Preliminary indications suggest that the number of premises allowed to host slot machines — including bars, tobacconists and dedicated gaming halls — could be cut by around 10%, reducing the nationwide total to approximately 40,000 venues. Betting shops would continue to be capped at 10,000 locations, while the long-established distinction between standalone betting shops and “betting corners” situated inside hospitality venues would be removed.

 

The overall number of gaming machines is also set to fall. Slot machines could be reduced from roughly 240,000 units to around 200,000, while the number of VLTs would decrease by about 20%, from 55,000 to approximately 46,000 devices.

 

A cornerstone of the reform will be the introduction of a new certification system overseen by the Agency of Customs and Monopolies (ADM), the body responsible for supervising Italy’s gambling market. Operators applying for licences or franchises would be required to prove compliance with stricter standards on player protection, gambling-harm prevention measures and robust controls designed to prevent underage gambling.

 

The decree is also expected to establish national rules on minimum distances from so-called “sensitive locations,” replacing the current patchwork of regional provisions. Under the proposed framework, certified venues would need to maintain a buffer zone of 100 metres, while non-certified outlets would be subject to a 200-metre distance requirement. Sensitive locations are expected to include secondary schools, addiction treatment facilities and hospitals.

 

In addition, opening hours would be further regulated.
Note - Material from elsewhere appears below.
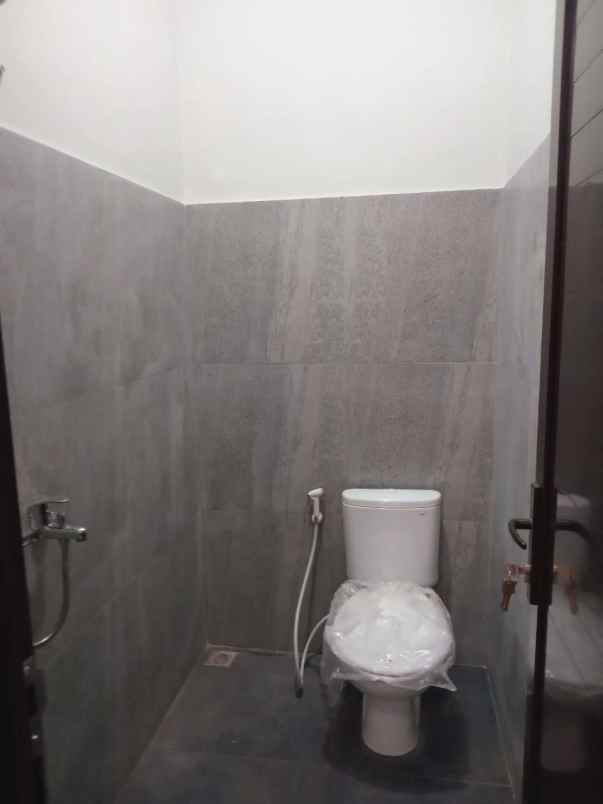 dijual rumah metro margahayu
Certified venues would be required to close for at least six and a half hours each day, while non-certified premises would face mandatory daily closure periods of eight hours.

 

Alongside the regulatory changes, the government is preparing to launch new concession tenders covering gaming machines, betting and bingo operations. These tenders are scheduled for publication by the end of the year and are projected to generate close to €2 billion (US$2.3 billion) in additional tax revenue for the state.